Task item: Could you transcribe exactly the lines from the one containing "Combo Ezema 50" through the end of the listing below, both included, but none of the pictures?

Collected material:
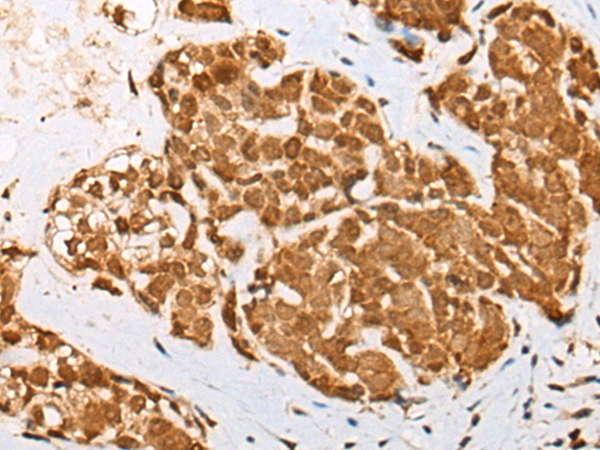 ATN1 Antibody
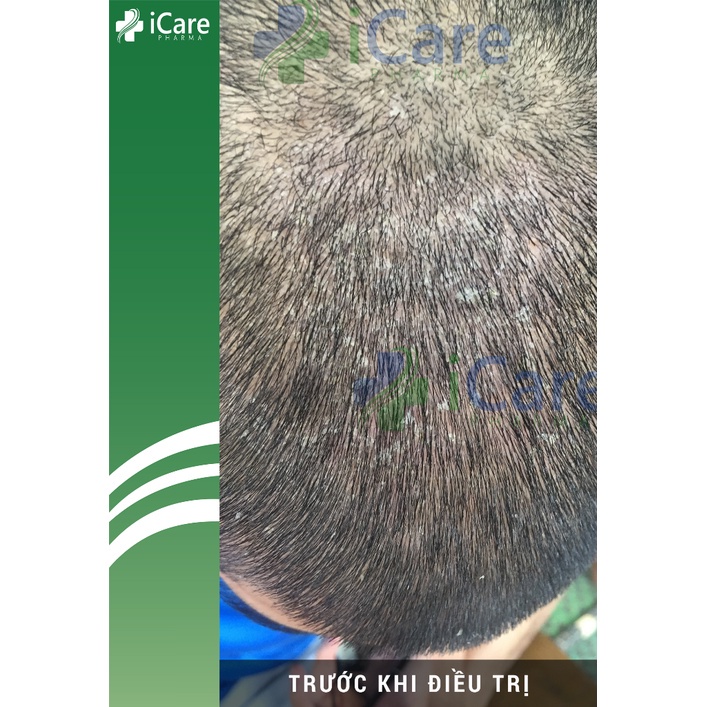 Combo Ezema 50 &amp; Dầu Gội Sạch Gàu Antisol - Hiệu Quả Nhanh Chóng, Chiết Xuất Gurjun Ấn Độ SACUCO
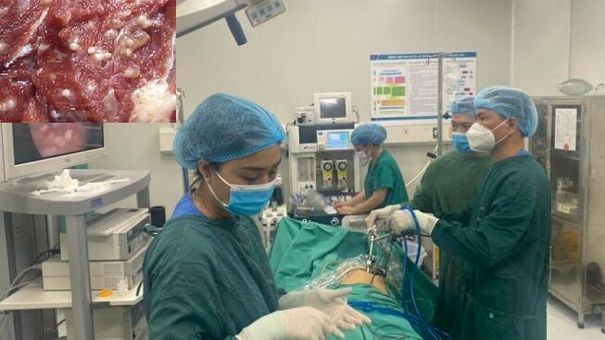 Cảnh báo: Có thể thủng ruột nếu ăn thịt lợn nhiễm bệnh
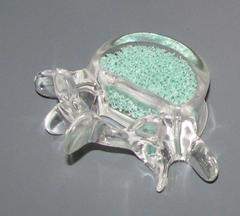 Vertabral Augmentation Equipment, Bone Cement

Expected answer:
 Combo Ezema 50 &amp; Dầu Gội Sạch Gàu Antisol - Hiệu Quả Nhanh Chóng, Chiết Xuất Gurjun Ấn Độ SACUCO
 Cảnh báo: Có thể thủng ruột nếu ăn thịt lợn nhiễm bệnh
 Vertabral Augmentation Equipment, Bone Cement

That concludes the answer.